“I was really happy there,” he points out. “It was tough to leave in that sense because I loved my time there. There are some great people at the club but, at the same time, I need to look after myself. I didn’t think they would have had the start that they’ve had but, if you look at it, it was always going to be tough when they’ve got no home games for the first month. The results haven’t gone their way so there’s obviously more pressure for the first home game against Huddersfield after the international break.”
In truth, of more interest now to Ireland’s goalkeeper is how Middlesbrough will fare in their effort to gain promotion from the Championship – and, for him, the knock-on benefits of being the man once again in possession of the shirt at his club as Ireland bid to reach Russia 2018.
Randolph had started into the season expecting to be fighting for his place at West Ham but with the club’s decision to bring in Joe Hart it didn’t take him long to read the writing on the wall.
“There was a contract extension on the table,” he says, “but when we eventually met up, by the third or fourth day I was looking for an exit strategy. It all happened very quick. They had bent over backwards to get him (Hart) in so it made more sense for me to get out. The way it was put to me, it was made pretty clear.
“They probably still wanted me to stay anyway (as back up). It wasn’t a case of ‘thanks but no thanks’ - it was my choice to leave. It wasn’t a case of ‘get out the door, we don’t want to see you’.
“So I could have stayed there and waited and who knows what might have happened after four or five months or however long it might have been. But I needed it done quick. Middlesbrough had actually come in for me at the end of last season but West Ham had said no. So when I wanted to get out, I got back in contact with them. I pretty much needed to get it done in a couple of days and they were good enough to get it done.” His ambitions to help Ireland qualify for the World Cup played a part in his decision.
“It was one of the factors but not the main one. I just wanted to play. I can’t expect to play here (with Ireland) if I’m not playing at a club. I got away with it before for a few months at West Ham. We had a good cup run so I was getting a few games in between the Irish games. But I couldn’t do that for a whole season and expect to play. From the manager’s point of view, I don’t think he could just accept me setting on the bench for the whole season and then expect me to go and play in World Cup.”
Despite having had to take the a long and not always scenic route to the top of the football tree in Britain, Randolph insists that it wasn’t a difficult decision to drop down from the Premier League: “It wasn’t because I wanted to get there (to the Premier League) and I did that,” he explains. “I felt like I’d got my reputation back. So I’ve been there and done it and I know how good I am. So I’ll just move on, and keep enjoying life.” And football. Arising out of all the ups and downs of his career, he seems to have developed a way of taking whatever the game throws at him in his stride.
“Obviously at the start of my career, I wouldn’t have had all the game experience that I have now.

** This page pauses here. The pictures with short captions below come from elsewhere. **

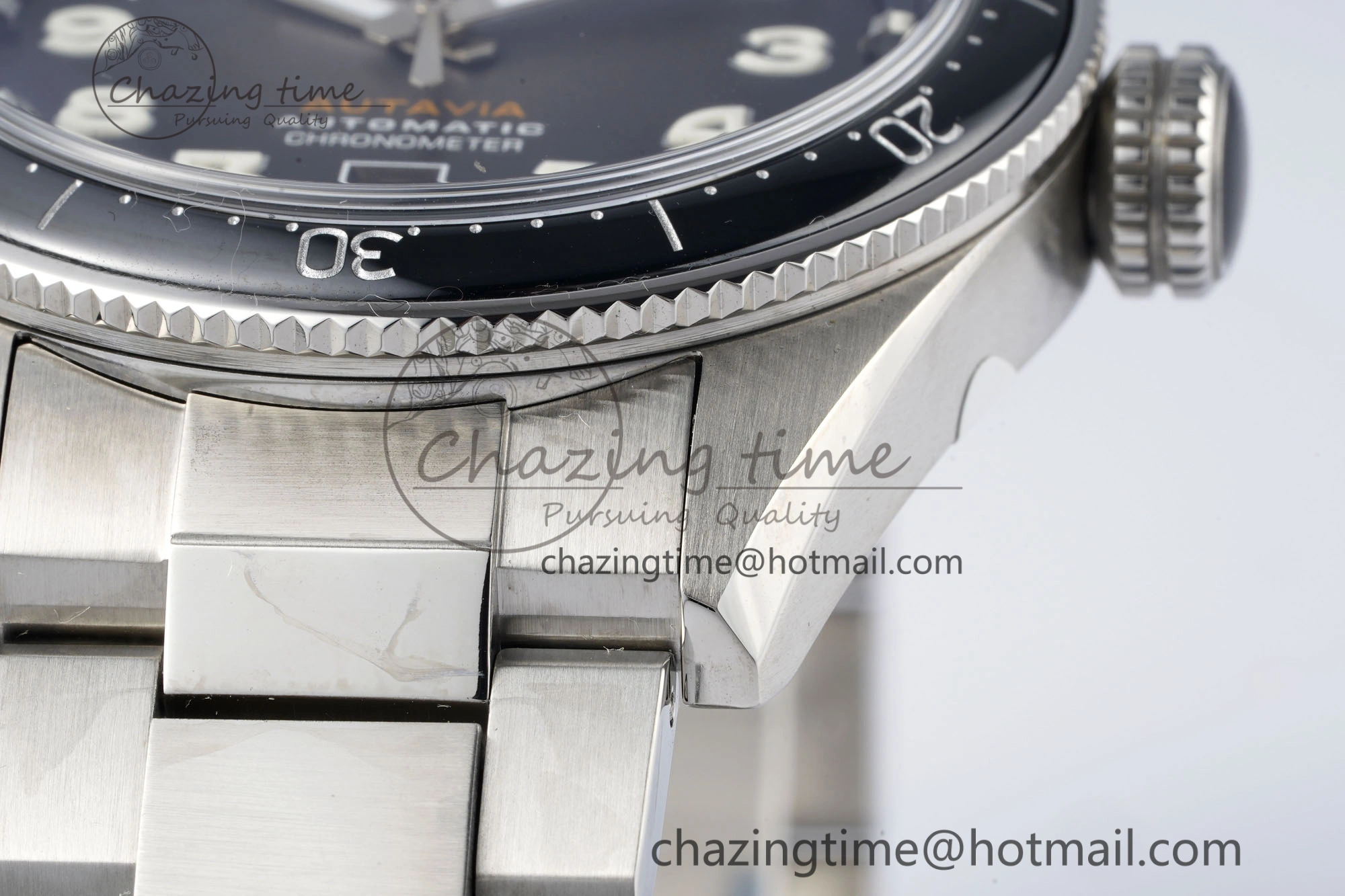Autavia SS 42mm TARF 1:1 Best Edition Gray Dial Black Ceramic Bezel on SS Bracelet SW200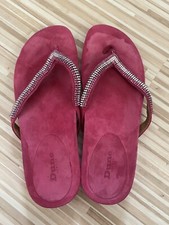 DUNE Flip-Flop pink 40 Zehentreter Strass Velours
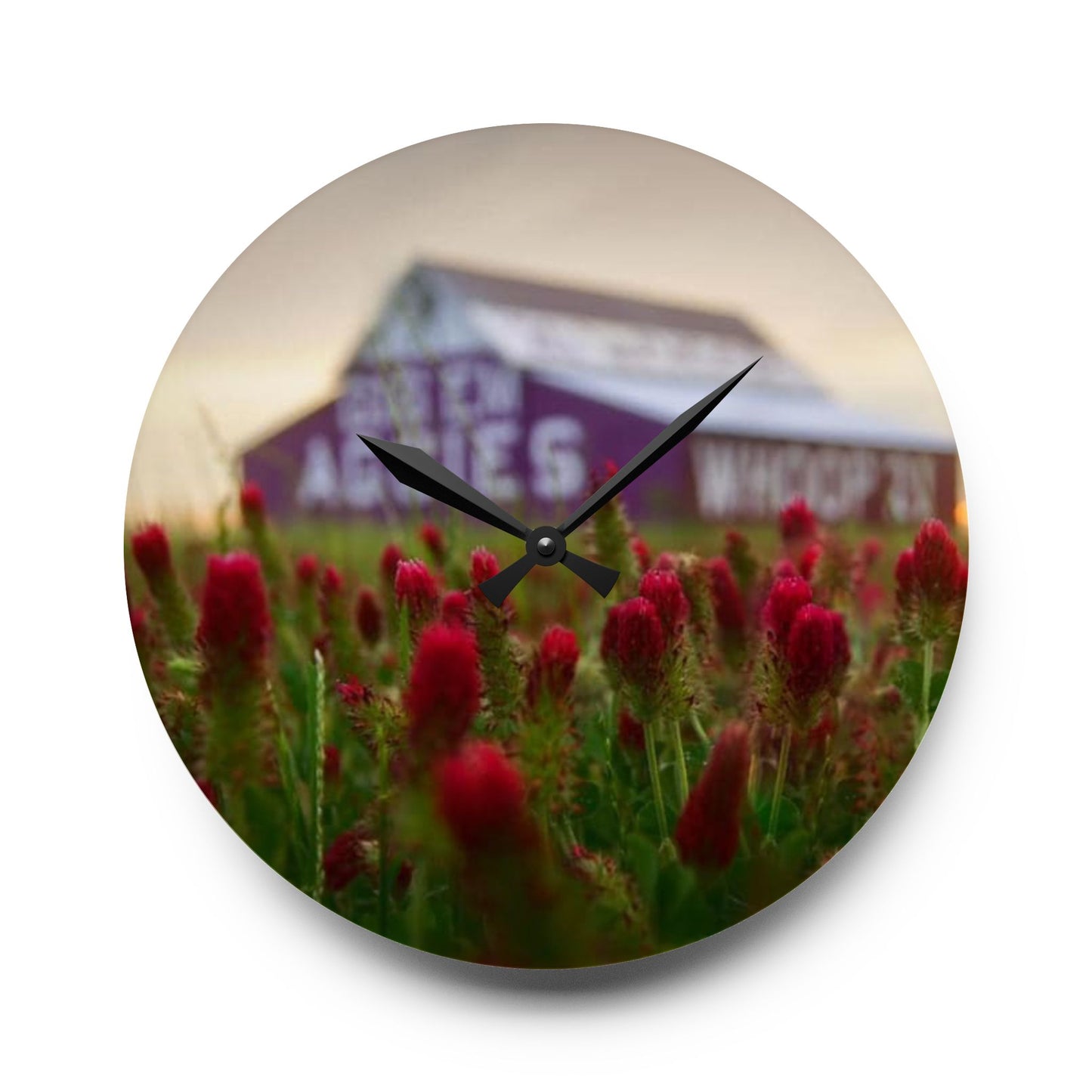 Aggie Barn Acrylic Wall Clock | Aggie Floral Clock | Rustic Farmhouse Home Décor | Gift Idea, Aggie Dorm Decor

You learn more about yourself and football. You can have the best week’s training you want and still go out and lose the game and not play well. You can have the worst week’s training and go out and be unbelievable. Every day and every game is different. Whatever happens, happens.” And what does he reckon might happen in Tbilsi tomorrow?
“In football, you come up against some so-called smaller teams and everyone thinks it’s a walk in the park but a lot of the time those are the hardest games. You see big teams go places and lose and it’s a massive upset. Having been the smaller team in many games, we know that you tend to raise your game against the bigger teams and make it difficult. And a lot of the time it can be just the odd goal that separates teams.

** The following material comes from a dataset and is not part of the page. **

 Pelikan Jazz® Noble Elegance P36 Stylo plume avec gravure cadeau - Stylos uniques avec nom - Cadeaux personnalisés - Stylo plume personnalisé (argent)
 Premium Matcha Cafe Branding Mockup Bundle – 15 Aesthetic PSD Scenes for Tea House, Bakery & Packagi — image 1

“But there’s no reason we shouldn’t be confident going out there. I wouldn’t say anybody in our group is arrogant. It’s definitely self-confidence because you’ve been there before. I’m not saying you just go into the games thinking it’s going to be easy. You know it’s going to be tough and you have to do the horrible things, the dirty stuff first and then hopefully the quality comes off the back of that. As long as we’re prepared to do all that, I don’t see any reason why we shouldn’t come out on top.”